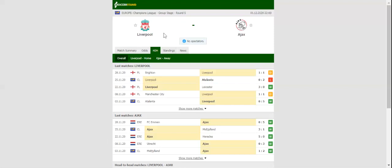Taking everything into account, both teams to score betting option should be considered. Talented Ghana footballer Mohamed Kudus remains on the sidelines for the visitors.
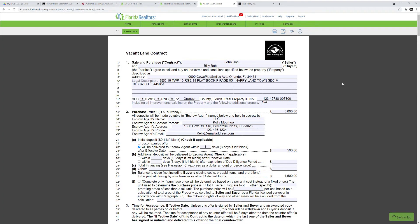Greetings. Welcome to another tutorial video. Today's video is going to be the vacant land contract. We're going to be discussing how to fill out this contract, how to attach any additional addendums with it, and also a seller's vacant land disclosure, which I highly recommend you accompany with the vacant land contract, especially if you're representing the seller. But even if you're representing the buyer, I recommend you utilize these documents and draft this particular contract in the way discussed in this video.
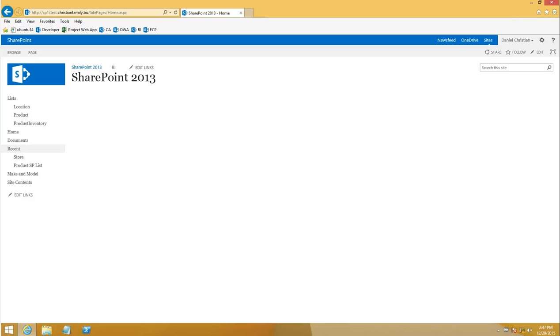This video is part of the build a custom page template to display custom fields TechNet article. In this section of the video I'm going to focus on content types and building the site columns.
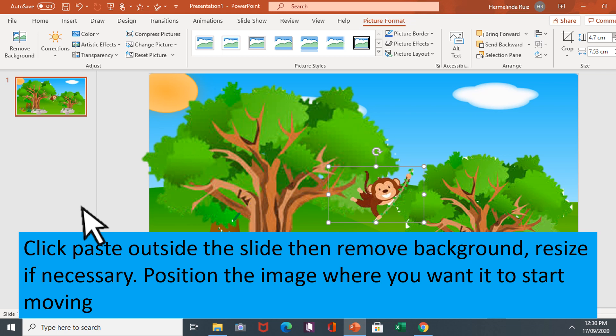Resize if necessary. Position the image where you want it to start moving.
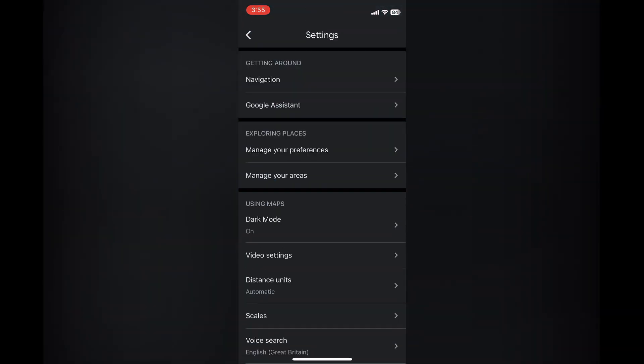After selecting settings, I want you to tap on navigation at the top of the page.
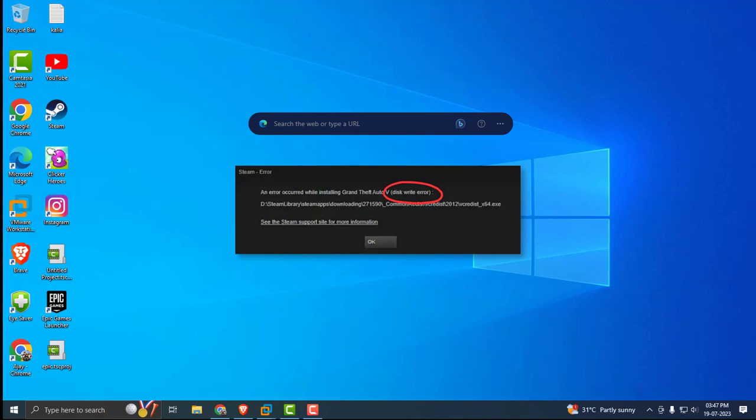Hello guys, welcome to my channel. Today we are going to see how to fix the Steam disk write error. I'm going to share three simple steps. After doing these steps, your problem will be resolved.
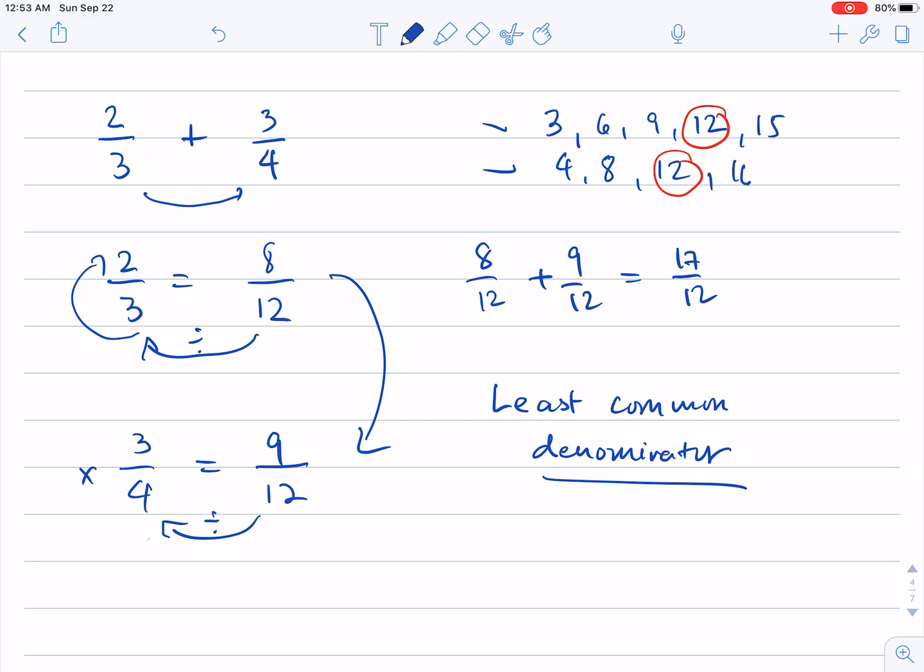All right. So we will discuss addition of fractions in a different series, in different tutorials. But what I have shown you here is the application of LCM, at least one of the applications of LCM.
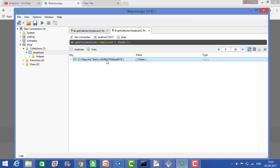That is how we can use Robomongo. We have shown how to download, how to install, and how to work on the Robomongo UI. Before that, the MongoDB service should be running. The mongod service should be running before that.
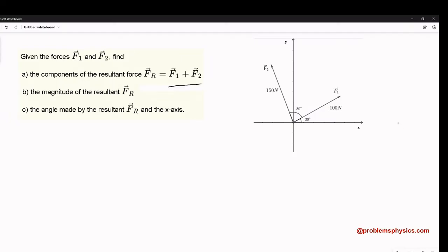In this video, we are going to find the resultant of two forces, F1 and F2. The first thing we need to remember is that a force is a vector.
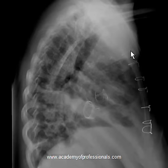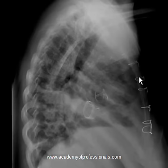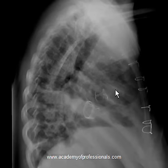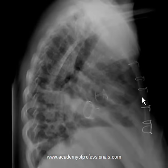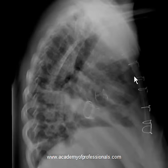The other thing to note is that on the lateral view you can clearly see that these wires are actually holding the sternum back together. On the AP view this was not obvious because the sternum is not clearly visible on an AP view, but on the lateral view you can certainly confirm that these wires are holding the sternum together.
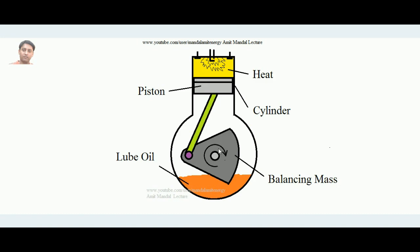In this lecture we will learn how the cooling system of an IC engine works and why it is required. This is the schematic diagram of a four stroke petrol engine. There are four strokes: suction, compression, working, and exhaust. In suction, the charge is sucked through the inlet valve. In compression, the charge is compressed, and at the end a spark ignites the fuel. After combustion, the working stroke occurs, and then the exhaust valve opens to remove burnt gases.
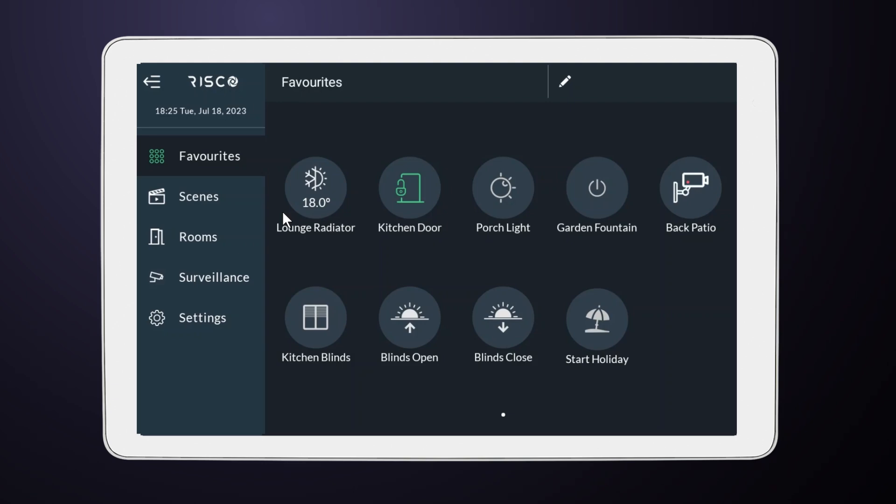Welcome to our tutorial on how to create a manual rule, also known as a Scene or Scenario. This powerful feature allows you to control multiple devices with a single action icon. Let's get started.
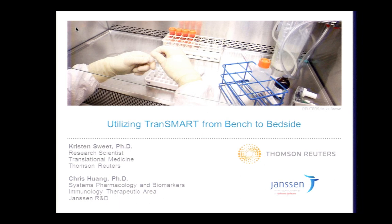My name is Kristen Sweet. I am here from Thomson Reuters, and I am also representing Johnson & Johnson. Specifically, I've been working with the Janssen immunology team, and I am here today to talk about the different ways that this group is using TranSMART — really as a true translational platform from all stages, from bench to bedside. I'm going to be highlighting some of the use cases.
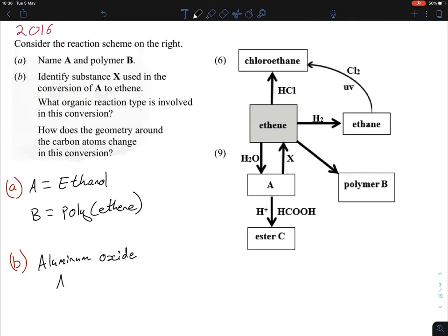A quick hint: if the question says 'identify', you can use either the name or the molecular formula. However, if it says 'name', you must write the name — putting only the molecular formula won't get you marks. Generally, I recommend writing names wherever possible.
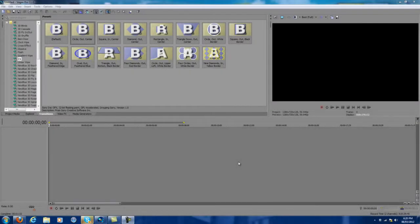Hey, what is up guys, it's Poco here and today I'm bringing you a new tutorial. I'm sorry guys for not bringing you a lot of tutorials — I've been really busy with school, I'm doing edits for people, and now I'm in a clan that we created, my friends and I. I'm going to put a link in the description.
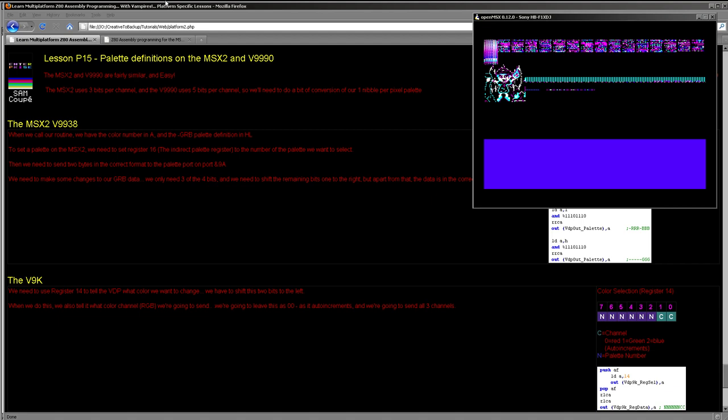Hello, it's Keith here and this is Lesson 15 of my Z80 programming tutorials! We've been looking at how to set palettes on various systems over the last few weeks, including the Amstrad CPC, the Enterprise and the SAM Coupe, but today we're going to have a look at the MSX and the V9990 graphics accelerator.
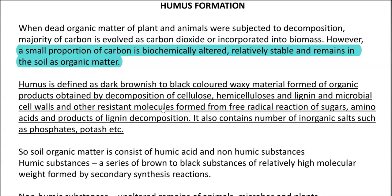Humus is defined as a dark brownish to black colored waxy material formed of organic products obtained by decomposition of cellulose, hemicellulose, lignin and microbial cell walls, and other resistant molecules that may be formed during free radical reactions of sugars, amino acids and products of lignin decomposition. It also contains many inorganic salts.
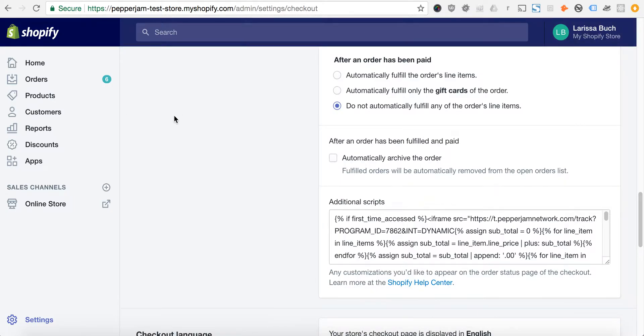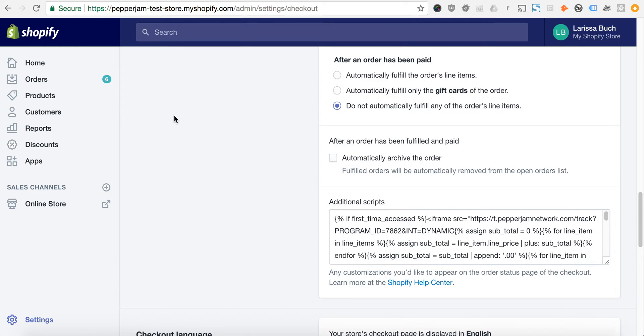Settings are saved. That's all there is to it. From here, the Pepper Jam app should be functioning as normal. You won't need to do anything else. It will automatically display the tracking pixel on your order page. Thanks.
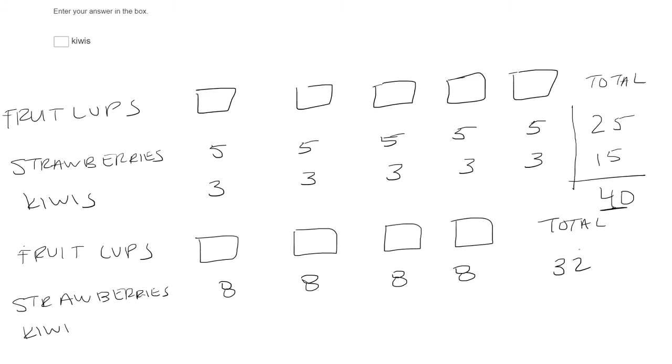Okay, let's think about it. There's 32 strawberries. I want to end up with 40 fruit. Oh, that leaves me with a total of eight kiwis, right? So I have eight kiwis. I want to divide it into four cups. Oh, that means there's two in each cup.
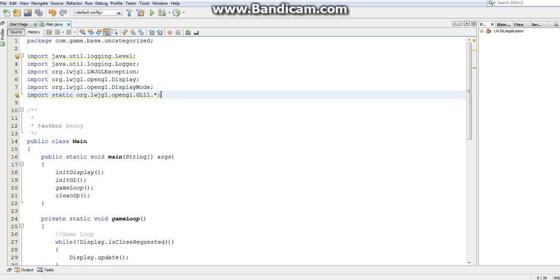Just for reference, you do want to import the earliest version of OpenGL that you can, because the higher up version of OpenGL you're using, the fewer people can actually use your program. So you generally want to use the earliest version possible.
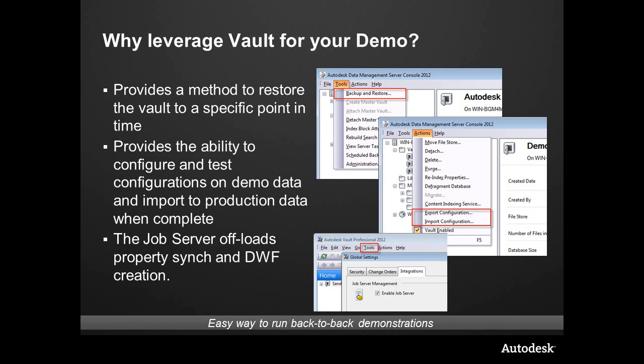It's all in one single location. That's the power of leveraging Vault for demonstrations. For instance, if you have to demonstrate in the morning and then turn around and demonstrate in the afternoon, it's nice to have this ability. It also gives us the ability to offload certain tasks, and we're going to take a look at how we can use the job server for some of these other tasks.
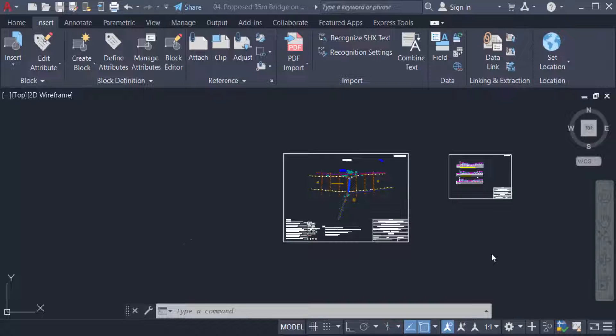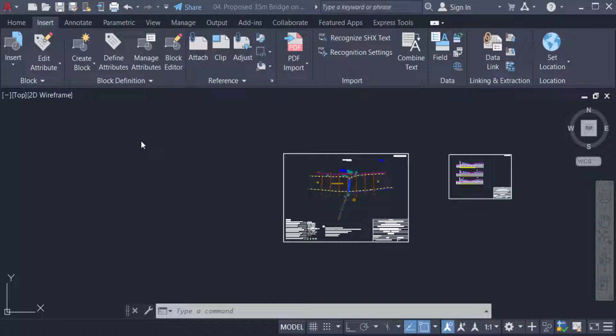Hello everyone, assalamualaikum. This is an AutoCAD tutorial, and in this video you will learn how to change save as settings in AutoCAD. So let's get started. This is AutoCAD 2022 and I want to change the save as settings, that means the default settings.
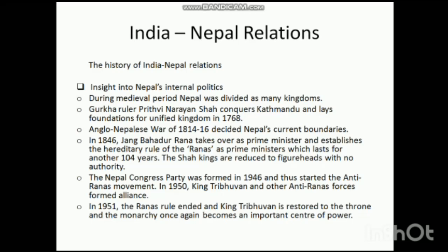During the medieval period, Nepal was divided into many fragments and many kingdoms. The Gorkha ruler Prithvi Narayan Shah conquered Kathmandu and laid the foundation of the unified Kingdom of Nepal in 1768. Another landmark development is the Anglo-Nepalese war of 1814 and 1816, which decided Nepal's current territorial boundaries.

*WHAT THE TASK REQUIRES*
Output the data above in full and exactly, with every image left out.

*RESULT BELOW*
Taking everything into account, both teams to score betting option should be considered. Talented Ghana footballer Mohamed Kudus remains on the sidelines for the visitors.
Greetings. Welcome to another tutorial video. Today's video is going to be the vacant land contract. We're going to be discussing how to fill out this contract, how to attach any additional addendums with it, and also a seller's vacant land disclosure, which I highly recommend you accompany with the vacant land contract, especially if you're representing the seller. But even if you're representing the buyer, I recommend you utilize these documents and draft this particular contract in the way discussed in this video.
This video is part of the build a custom page template to display custom fields TechNet article. In this section of the video I'm going to focus on content types and building the site columns.
Resize if necessary. Position the image where you want it to start moving.
After selecting settings, I want you to tap on navigation at the top of the page.
Hello guys, welcome to my channel. Today we are going to see how to fix the Steam disk write error. I'm going to share three simple steps. After doing these steps, your problem will be resolved.
All right. So we will discuss addition of fractions in a different series, in different tutorials. But what I have shown you here is the application of LCM, at least one of the applications of LCM.
That is how we can use Robomongo. We have shown how to download, how to install, and how to work on the Robomongo UI. Before that, the MongoDB service should be running. The mongod service should be running before that.
In this video, we are going to find the resultant of two forces, F1 and F2. The first thing we need to remember is that a force is a vector.
The other thing to note is that on the lateral view you can clearly see that these wires are actually holding the sternum back together. On the AP view this was not obvious because the sternum is not clearly visible on an AP view, but on the lateral view you can certainly confirm that these wires are holding the sternum together.
In this lecture we will learn how the cooling system of an IC engine works and why it is required. This is the schematic diagram of a four stroke petrol engine. There are four strokes: suction, compression, working, and exhaust. In suction, the charge is sucked through the inlet valve. In compression, the charge is compressed, and at the end a spark ignites the fuel. After combustion, the working stroke occurs, and then the exhaust valve opens to remove burnt gases.
Welcome to our tutorial on how to create a manual rule, also known as a Scene or Scenario. This powerful feature allows you to control multiple devices with a single action icon. Let's get started.
My name is Kristen Sweet. I am here from Thomson Reuters, and I am also representing Johnson & Johnson. Specifically, I've been working with the Janssen immunology team, and I am here today to talk about the different ways that this group is using TranSMART — really as a true translational platform from all stages, from bench to bedside. I'm going to be highlighting some of the use cases.
A quick hint: if the question says 'identify', you can use either the name or the molecular formula. However, if it says 'name', you must write the name — putting only the molecular formula won't get you marks. Generally, I recommend writing names wherever possible.
Hey, what is up guys, it's Poco here and today I'm bringing you a new tutorial. I'm sorry guys for not bringing you a lot of tutorials — I've been really busy with school, I'm doing edits for people, and now I'm in a clan that we created, my friends and I. I'm going to put a link in the description.
Hello, it's Keith here and this is Lesson 15 of my Z80 programming tutorials! We've been looking at how to set palettes on various systems over the last few weeks, including the Amstrad CPC, the Enterprise and the SAM Coupe, but today we're going to have a look at the MSX and the V9990 graphics accelerator.
Humus is defined as a dark brownish to black colored waxy material formed of organic products obtained by decomposition of cellulose, hemicellulose, lignin and microbial cell walls, and other resistant molecules that may be formed during free radical reactions of sugars, amino acids and products of lignin decomposition. It also contains many inorganic salts.
Settings are saved. That's all there is to it. From here, the Pepper Jam app should be functioning as normal. You won't need to do anything else. It will automatically display the tracking pixel on your order page. Thanks.
Okay, let's think about it. There's 32 strawberries. I want to end up with 40 fruit. Oh, that leaves me with a total of eight kiwis, right? So I have eight kiwis. I want to divide it into four cups. Oh, that means there's two in each cup.
Just for reference, you do want to import the earliest version of OpenGL that you can, because the higher up version of OpenGL you're using, the fewer people can actually use your program. So you generally want to use the earliest version possible.
It's all in one single location. That's the power of leveraging Vault for demonstrations. For instance, if you have to demonstrate in the morning and then turn around and demonstrate in the afternoon, it's nice to have this ability. It also gives us the ability to offload certain tasks, and we're going to take a look at how we can use the job server for some of these other tasks.
Hello everyone, assalamualaikum. This is an AutoCAD tutorial, and in this video you will learn how to change save as settings in AutoCAD. So let's get started. This is AutoCAD 2022 and I want to change the save as settings, that means the default settings.
During the medieval period, Nepal was divided into many fragments and many kingdoms. The Gorkha ruler Prithvi Narayan Shah conquered Kathmandu and laid the foundation of the unified Kingdom of Nepal in 1768. Another landmark development is the Anglo-Nepalese war of 1814 and 1816, which decided Nepal's current territorial boundaries.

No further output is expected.